Berlin looks to make town more handicap accessible

Berlin looks to make town more handicap accessible

Record-Journal


BERLIN — Town Hall, Berlin Peck-Memorial Library, the senior center and the police station, among other town buildings, do not comply with the Americans with Disabilities Act.

“Some buildings go back to the ’60s and ’70s,” said Jack Healy, the town’s public works director and interim town manager. Healy spoke at a recent Town Council meeting about making the town more ADA-compliant.

Residents voiced their concerns about sections of town not being ADA compliant. Carol Ranieri said she the library and senior center are not easily accessible and need to be improved.

Barbara Gombotz, chairwoman of the Commission for the Aging, echoed Ranieri’s concerns and said an elevator was needed to make the library ADA-compliant.

The Town Council recently agreed to proceed with a $276,619 bid for the elevator. A $125,000 grant was obtained, with $25,619 reallocated for the project on the town side. The rest of the money was raised by the library.

Construction is expected to begin in the fall.

“Even handicap spots now are hard with the incline,” said Helen Malinka, the library director.

The library and Town Hall are on the top of a hill on Kensington Road. The community center is attached to the library at the bottom of the hill.

Patrons must park in the handicapped spots at the community center and go up the sidewalk. At the library, there is an incline to the entrance from the parking spaces.

The elevator will allow patrons to park at the community center and take the elevator up to the library floor.

Malinka said more parking spots will likely be added once the elevator is installed.

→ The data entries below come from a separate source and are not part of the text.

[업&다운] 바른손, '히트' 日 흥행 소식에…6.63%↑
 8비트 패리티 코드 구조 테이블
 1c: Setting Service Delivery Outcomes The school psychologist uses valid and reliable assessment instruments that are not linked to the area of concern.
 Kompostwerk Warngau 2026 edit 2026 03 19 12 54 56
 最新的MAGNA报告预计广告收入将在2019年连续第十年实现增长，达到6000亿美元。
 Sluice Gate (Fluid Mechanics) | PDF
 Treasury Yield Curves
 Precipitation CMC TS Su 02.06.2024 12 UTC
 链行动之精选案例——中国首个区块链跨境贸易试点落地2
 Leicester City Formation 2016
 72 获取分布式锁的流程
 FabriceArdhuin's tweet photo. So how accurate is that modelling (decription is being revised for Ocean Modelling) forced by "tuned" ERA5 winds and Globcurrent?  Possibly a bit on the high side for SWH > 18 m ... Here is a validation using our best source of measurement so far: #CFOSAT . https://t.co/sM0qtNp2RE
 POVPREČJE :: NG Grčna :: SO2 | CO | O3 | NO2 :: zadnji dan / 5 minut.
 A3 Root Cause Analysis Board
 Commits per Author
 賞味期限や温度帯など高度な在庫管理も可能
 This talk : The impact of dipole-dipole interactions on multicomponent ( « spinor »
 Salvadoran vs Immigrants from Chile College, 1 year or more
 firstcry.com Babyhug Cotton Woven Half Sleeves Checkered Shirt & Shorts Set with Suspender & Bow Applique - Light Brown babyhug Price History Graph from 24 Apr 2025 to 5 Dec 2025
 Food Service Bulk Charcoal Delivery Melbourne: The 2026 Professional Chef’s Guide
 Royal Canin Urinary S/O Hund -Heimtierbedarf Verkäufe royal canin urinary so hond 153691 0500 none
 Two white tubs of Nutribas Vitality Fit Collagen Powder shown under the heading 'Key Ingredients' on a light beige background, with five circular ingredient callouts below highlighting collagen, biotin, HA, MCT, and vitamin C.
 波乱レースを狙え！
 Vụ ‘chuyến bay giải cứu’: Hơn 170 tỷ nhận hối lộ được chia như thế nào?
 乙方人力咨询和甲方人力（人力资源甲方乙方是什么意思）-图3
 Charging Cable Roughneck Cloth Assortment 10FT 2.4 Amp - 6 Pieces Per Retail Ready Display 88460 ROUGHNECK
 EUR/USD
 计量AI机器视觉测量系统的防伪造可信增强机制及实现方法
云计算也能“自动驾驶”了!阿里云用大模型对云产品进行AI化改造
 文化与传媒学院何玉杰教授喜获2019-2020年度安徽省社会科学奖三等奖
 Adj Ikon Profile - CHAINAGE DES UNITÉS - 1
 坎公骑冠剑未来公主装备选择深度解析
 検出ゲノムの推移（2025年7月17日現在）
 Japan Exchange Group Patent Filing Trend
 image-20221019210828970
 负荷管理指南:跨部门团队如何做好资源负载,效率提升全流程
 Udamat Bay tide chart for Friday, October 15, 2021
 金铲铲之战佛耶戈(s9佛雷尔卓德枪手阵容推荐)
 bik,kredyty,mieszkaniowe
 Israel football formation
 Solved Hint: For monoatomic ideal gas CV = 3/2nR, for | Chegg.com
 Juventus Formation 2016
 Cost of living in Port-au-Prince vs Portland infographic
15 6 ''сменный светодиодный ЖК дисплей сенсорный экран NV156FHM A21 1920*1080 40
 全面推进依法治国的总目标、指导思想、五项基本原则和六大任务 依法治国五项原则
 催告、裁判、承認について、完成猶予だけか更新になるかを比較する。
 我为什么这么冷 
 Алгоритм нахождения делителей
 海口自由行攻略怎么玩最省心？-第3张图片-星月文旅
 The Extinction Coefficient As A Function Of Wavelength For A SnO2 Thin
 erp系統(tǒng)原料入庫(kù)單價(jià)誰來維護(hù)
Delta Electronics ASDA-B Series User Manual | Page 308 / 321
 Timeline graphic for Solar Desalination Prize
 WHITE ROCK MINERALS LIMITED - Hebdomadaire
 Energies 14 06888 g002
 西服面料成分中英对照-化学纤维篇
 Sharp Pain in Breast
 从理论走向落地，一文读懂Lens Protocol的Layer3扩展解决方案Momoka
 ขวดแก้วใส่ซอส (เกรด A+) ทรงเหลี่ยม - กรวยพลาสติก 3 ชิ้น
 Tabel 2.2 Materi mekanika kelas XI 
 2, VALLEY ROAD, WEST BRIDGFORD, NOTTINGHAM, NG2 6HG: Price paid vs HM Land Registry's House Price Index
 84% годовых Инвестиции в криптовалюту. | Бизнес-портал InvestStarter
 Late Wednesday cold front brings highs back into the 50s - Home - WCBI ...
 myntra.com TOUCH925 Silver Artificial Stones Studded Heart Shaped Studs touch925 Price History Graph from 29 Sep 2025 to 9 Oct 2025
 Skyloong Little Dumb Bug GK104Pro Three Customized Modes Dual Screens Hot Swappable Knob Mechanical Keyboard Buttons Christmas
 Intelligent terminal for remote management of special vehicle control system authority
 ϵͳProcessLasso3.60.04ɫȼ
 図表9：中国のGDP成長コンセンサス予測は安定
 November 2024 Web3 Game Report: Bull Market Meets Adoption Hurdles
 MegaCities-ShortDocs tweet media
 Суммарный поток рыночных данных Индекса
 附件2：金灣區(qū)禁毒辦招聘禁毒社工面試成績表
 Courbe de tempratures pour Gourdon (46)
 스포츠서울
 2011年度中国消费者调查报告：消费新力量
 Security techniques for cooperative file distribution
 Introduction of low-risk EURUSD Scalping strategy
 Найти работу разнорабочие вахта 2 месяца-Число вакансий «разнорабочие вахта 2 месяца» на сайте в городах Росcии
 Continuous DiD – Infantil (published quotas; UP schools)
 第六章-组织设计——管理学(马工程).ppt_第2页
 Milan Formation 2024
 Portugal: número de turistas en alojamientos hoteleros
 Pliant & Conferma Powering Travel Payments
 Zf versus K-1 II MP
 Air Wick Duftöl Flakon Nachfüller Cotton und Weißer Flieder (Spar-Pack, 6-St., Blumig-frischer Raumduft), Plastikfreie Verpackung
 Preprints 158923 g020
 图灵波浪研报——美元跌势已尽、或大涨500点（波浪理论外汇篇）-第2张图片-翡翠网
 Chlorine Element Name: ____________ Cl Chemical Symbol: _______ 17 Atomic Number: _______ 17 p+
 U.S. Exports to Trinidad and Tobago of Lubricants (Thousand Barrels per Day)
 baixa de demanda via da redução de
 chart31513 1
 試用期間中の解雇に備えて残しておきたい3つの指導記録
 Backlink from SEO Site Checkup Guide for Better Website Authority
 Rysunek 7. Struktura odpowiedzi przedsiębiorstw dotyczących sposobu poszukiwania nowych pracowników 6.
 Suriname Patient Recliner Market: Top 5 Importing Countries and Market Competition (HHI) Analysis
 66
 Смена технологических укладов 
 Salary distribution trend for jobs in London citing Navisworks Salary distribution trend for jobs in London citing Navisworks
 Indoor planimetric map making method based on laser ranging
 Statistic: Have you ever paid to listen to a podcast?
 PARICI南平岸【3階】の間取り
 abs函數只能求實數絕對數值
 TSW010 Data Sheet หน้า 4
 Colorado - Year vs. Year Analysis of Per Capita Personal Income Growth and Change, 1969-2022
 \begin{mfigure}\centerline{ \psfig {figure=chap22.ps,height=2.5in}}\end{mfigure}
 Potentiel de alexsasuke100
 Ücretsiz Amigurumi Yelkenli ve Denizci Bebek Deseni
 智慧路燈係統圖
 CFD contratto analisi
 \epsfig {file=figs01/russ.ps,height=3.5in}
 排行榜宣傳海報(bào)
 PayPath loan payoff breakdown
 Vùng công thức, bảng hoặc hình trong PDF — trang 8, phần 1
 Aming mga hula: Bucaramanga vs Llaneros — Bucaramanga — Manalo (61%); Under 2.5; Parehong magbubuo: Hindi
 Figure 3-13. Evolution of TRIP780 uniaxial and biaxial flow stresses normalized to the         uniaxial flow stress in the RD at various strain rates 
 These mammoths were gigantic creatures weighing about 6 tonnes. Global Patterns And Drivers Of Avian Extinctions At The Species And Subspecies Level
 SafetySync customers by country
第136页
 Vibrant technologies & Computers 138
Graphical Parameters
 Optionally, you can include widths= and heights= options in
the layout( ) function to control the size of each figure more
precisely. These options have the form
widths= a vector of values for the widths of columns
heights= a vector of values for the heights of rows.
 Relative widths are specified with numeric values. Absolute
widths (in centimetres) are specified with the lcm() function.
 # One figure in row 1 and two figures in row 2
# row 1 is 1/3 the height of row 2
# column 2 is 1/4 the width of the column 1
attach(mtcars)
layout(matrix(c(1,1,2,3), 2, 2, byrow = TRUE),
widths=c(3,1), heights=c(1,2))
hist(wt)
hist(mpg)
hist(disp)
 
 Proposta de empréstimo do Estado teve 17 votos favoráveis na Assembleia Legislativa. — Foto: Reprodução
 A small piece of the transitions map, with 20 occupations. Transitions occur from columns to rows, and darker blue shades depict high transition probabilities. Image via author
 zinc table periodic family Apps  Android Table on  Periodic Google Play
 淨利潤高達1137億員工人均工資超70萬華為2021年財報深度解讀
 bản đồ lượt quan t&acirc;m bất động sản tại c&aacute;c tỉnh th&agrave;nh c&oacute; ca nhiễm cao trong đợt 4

Buildings like Town Hall already have an elevator but are still not easily handicapped-accessible. The police station, all on one level, is lacking a handicapped bathroom.

In order for those with disabilities to access a bathroom, they must go to Town Hall.

“We want to make sure all the laws are enforced,” said Bob Peters, chairman of the Police Commission.

Police have recently been issuing tickets to local businesses that lack handicapped parking. Peters said the department is making sure businesses have parking spots regulated by the law.

“It’s an ADA issue,” he said.

Healy said the police department will work to enforce handicapped parking while the town will improve building accessibility.